Falcon MD-10 Pinpointer: Depth: 3/4". The Falcon MD-10 is a prospecting pinpointer, so it is sensitive to both minerals and metals. It has only two dials, sensitivity and ground balance, these were set for maximum response to the test targets. It read clearly and easily on all of the meteorites. This is a fine pinpointing detector for any purpose and it has proven to read meteorites of nearly all types well. Out of production for a time, I believe it is being offered once again, though it's a bit spendy for a pinpointer. One could travel very light using only this machine, relying on eye for discovery followed by air tests of a suspect rock.


Home-Built BFO: Depth on a quarter: 1". The slightly greater depth of this pinpionter compared to the Falcon is probably due to a slightly larger coil winding. Based on Steve Hegeman's design, it is a simple one-IC, two-transistor Beat Frequency Occillator detector. Like any BFO, it can be set to respond with a positive signal to either metal or mineral. It is the only detector that gave a signal on all seven of the test targets. It's my opinion "obsolete" BFO machines can find new uses as meteorite detectors.


Fisher Gold Bug I: Depth on a quarter: 7". Primarily a gold prospecting machine, the Gold Bug is well-known and was a popular detector choice in the 1980's and 90's. It has no discrimination, but has an audio threshold and 10-turn manual ground balance control. It read the best of all on the iron meteorite, but was middle-of-the-pack on the stonys.


First Texas DX-8500: Depth: 7". A late 1970's design low-cost VLF detector, with simple discrimination and ground balance controls. I bought this unit from Fingerhut in the early 1980's. It made a weak coinshooter and was hard to use in bad soils. Surprisingly, it topped all the rest in the detection of the stony meteorites in air. Another machine that will need field testing to see if these phenomenal depth readings will still hold true in mineralized soil. Somehow, I doubt it. Probably best kept to air testing samples if the soil is bad.
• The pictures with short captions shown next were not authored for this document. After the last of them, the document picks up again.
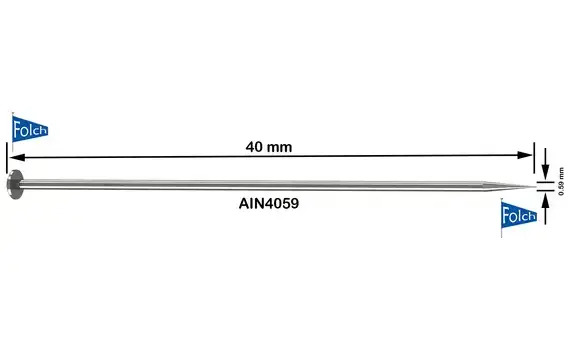 Alfileres Ref 4059 (Largos)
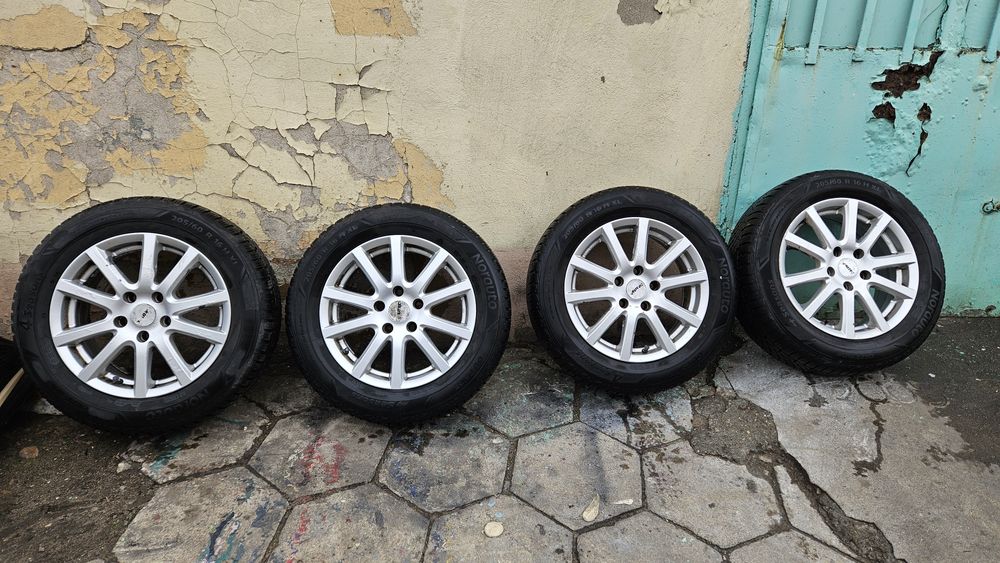 Koła felgi alufelgi 5x115 opel astra j IV 4 diesel opony 205/60/16 R16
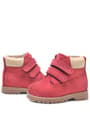 Rakerplus Genuine Leather Baby Boots Unisex Red Neson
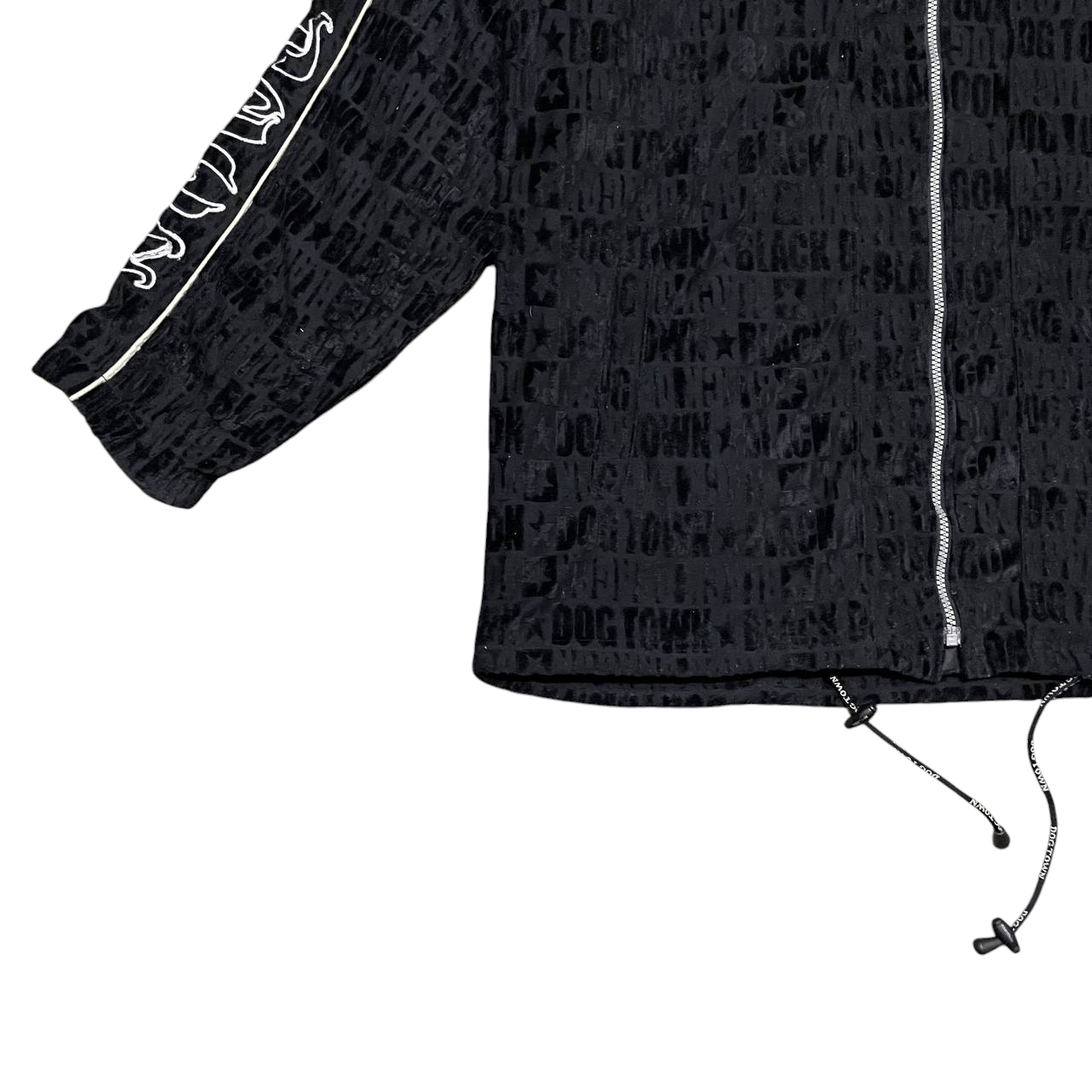 Dogtown Vintage Dogtown Black Dragon Monogram Coach Jacket Size US L / EU 52-54 / 3 - 4 Thumbnail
Radio Shack Micronta 3001: Depth: 4.5". An all-transistor design that is probably almost as old as I am. Radio Shack dropped the Micronta name years ago, this particular machine dates from the 1970's, while the circuit's design is probably much older. Ancient as it is, I believe this same detector, or one with a very similar circuit, is still available today from various sources, while used units abound. It is adjusted depending on whether you are searching for ferrous or non-ferrous targets and has a center-reading meter which is good to detect nulls from stony meteorites. A cheap and reasonably capable meteorite machine. Depth on Irons may be less, but it makes up for that with good sensitivity to the stonys.


Compass Relic Magnum 7:  Depth on a quarter: 7". Another older design, but a good solid one. This model is a combined TR Disc/VLF All-Metal machine. The VLF mode was the best mode to use to detect the stonys. It has a discrimination control in the TR mode, which could be used to indicate the relative amount of iron in the sample, by noting how quickly it discriminated out the signal.

Please note the following were all indoor air tests.

Henbury Iron

Num 132a Henbury, Iron Octahedrite fragment
Northern Territory, Australia
795  grams

Strongly attracted to a magnet, but did not deflect the compass needle. Highly rusted and weathered surface. Some sculpting and ablation of the surface. Felt very heavy to hold for its size, compared to a common rock.

Time Ranger: All-Metal Motion (Disc mode): 10" max depth, most any number might appear on the numeric target ID, showing a mixed metallic makeup. An ID number of 299, the maximum of the machine, was predominate. This is a "rusty iron" signal, identical to that made by a long-buried tin can. All-Metal No-Motion Mode: 11", iron reading (no numeric display) a typical indication made by a nail or other non-rusted iron, some nickle readings around 35, proving the iron/nickle mix of this type of meteorite.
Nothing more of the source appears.